I went into King of Ashes expecting a gritty crime novel, but even then I was not prepared for how intense and emotionally heavy this story would become. Cosby has a way of writing violence that feels brutally real without ever losing sight of the people caught inside it, and this book is a perfect example of that balance. It is dark, unflinching and often uncomfortable, yet it is also full of heart.
The story follows Roman, who is reluctantly called home after his father is badly injured in a car accident. He has not been back in years and would prefer to keep it that way, but his sister Neveah is struggling to run the family crematorium alone and his younger brother Dante has managed to entangle himself with a local drug gang. What begins as a tense family reunion quickly spirals into something far more dangerous. Old resentments rise to the surface, long buried secrets begin to shift, and the disappearance of their mother nineteen years earlier hangs over everything like a storm cloud.

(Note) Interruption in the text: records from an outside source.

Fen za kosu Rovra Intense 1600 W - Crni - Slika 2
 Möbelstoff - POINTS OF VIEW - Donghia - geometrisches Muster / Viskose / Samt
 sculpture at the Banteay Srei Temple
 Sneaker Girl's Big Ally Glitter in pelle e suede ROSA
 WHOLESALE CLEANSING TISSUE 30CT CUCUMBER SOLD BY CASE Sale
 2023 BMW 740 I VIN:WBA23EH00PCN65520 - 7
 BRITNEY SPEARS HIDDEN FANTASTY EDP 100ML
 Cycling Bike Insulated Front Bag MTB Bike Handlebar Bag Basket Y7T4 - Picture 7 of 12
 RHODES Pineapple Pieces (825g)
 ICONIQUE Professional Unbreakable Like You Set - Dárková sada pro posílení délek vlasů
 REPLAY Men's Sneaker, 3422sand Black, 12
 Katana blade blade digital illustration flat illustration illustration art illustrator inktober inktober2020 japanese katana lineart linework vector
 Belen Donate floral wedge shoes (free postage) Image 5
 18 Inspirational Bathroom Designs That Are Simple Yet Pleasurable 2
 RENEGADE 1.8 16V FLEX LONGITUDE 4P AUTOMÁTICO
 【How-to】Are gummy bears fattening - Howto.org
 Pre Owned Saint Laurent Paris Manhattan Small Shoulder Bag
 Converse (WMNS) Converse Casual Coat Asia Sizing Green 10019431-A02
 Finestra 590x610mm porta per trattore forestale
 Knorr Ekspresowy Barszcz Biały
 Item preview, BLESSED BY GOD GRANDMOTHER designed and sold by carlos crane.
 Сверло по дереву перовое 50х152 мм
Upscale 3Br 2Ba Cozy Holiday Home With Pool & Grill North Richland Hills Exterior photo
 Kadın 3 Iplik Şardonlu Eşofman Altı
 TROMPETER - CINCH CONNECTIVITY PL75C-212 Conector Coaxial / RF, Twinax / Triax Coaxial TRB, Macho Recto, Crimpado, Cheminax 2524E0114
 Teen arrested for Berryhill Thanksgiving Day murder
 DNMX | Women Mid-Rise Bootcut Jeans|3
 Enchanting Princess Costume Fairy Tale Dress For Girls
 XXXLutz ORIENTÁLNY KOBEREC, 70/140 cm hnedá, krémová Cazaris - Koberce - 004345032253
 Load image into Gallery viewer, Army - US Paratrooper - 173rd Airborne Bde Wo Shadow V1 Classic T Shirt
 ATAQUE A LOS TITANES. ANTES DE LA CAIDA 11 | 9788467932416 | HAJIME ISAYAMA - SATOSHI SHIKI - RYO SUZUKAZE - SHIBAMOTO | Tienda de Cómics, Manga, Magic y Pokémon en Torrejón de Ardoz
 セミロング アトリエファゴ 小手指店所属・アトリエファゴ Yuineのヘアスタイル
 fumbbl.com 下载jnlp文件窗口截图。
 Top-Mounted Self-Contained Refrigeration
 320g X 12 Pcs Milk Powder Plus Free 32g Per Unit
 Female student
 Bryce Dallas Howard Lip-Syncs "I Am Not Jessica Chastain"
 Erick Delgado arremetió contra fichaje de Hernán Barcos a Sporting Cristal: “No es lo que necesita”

Cosby writes family dysfunction with a raw honesty that makes every interaction feel heavy. The Carruthers siblings are shaped by grief, guilt and the absence of a mother they never got answers about. Their father’s reputation as the King of Ashes only complicates things further. The rumours surrounding him, the whispers about what really happened to their mother, and the simmering anger between the siblings all create a sense of inevitability. You can feel the pressure building long before anything explodes.
The violence in this book is extreme at times, and I found myself wincing more than once. Yet it never feels gratuitous. It reflects the world these characters inhabit and the danger they cannot escape. What kept me grounded was the humanity threaded through the brutality. Roman’s protectiveness, Neveah’s quiet suffering and even Dante’s desperate attempts to claw his way out of the mess he created all feel painfully real. Cosby’s character work is exceptional, and even the most frightening figures have depth.
The pacing is uneven, with a slower middle section, but the final act more than makes up for it. Once the pieces start falling into place, the tension becomes relentless. The ending left me sitting in silence for a moment, trying to process what I had just read.
Readers who enjoy dark crime fiction, Southern noir and stories that explore the emotional cost of violence will find a lot to appreciate here. It is not a light read, but it is a powerful one.
In the end, King of Ashes is a brutal, gripping and deeply human novel. I am already thinking about what of his to pick up next.